The news broke Tuesday night, and I immediately called friends and colleagues, sharing stories and memories, trying to comfort one another.
Vin Scully, the beautiful, soothing and powerful voice of baseball, and one of the most gentle, gracious and compassionate human beings you’ll ever come across, passed away.
It was hardly shocking. Scully was 94 years old. He was in failing health, rarely leaving his home, and wasn’t quite the same after Sandi, his beautiful wife, died 1 ½ years ago. He knew the end was near, and had stopped taking phone calls the last 10 days.

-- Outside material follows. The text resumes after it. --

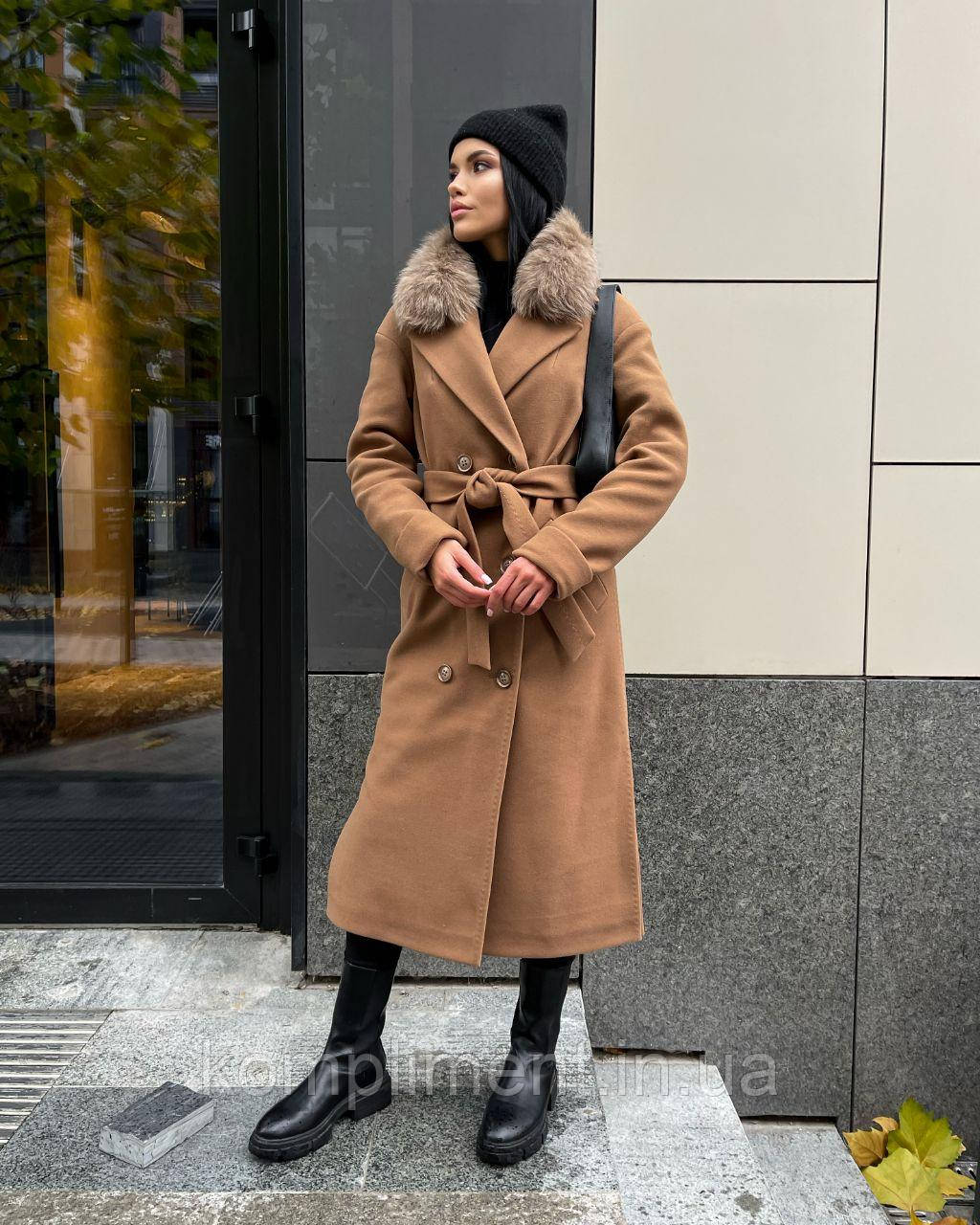 Стильне, сучасне зимове жіноче пальто "Торонто", кемел, фото 1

Still, the news brought us to our knees.
“This was inevitable,’’ said Charley Steiner, the radio voice of the Dodgers, “and I knew it was coming, but this is painful. It’s a tough one. This takes a chunk out of my heart.’’
It was during my 20-minute conversation with Steiner that it suddenly hit me.
The voicemail!
Do I still have that voicemail?
I recently changed phones, is it still saved?
I scrambled, went through my voicemails, and there it was: May 2, 2016, at 4:16 p.m.
It was from Vin.
It was just a 45-second message, but here he was, thanking me for an article I wrote about his legacy. He said he wanted to write a letter, and apologized, saying he didn’t have my address. So, at the least, he wanted to call me.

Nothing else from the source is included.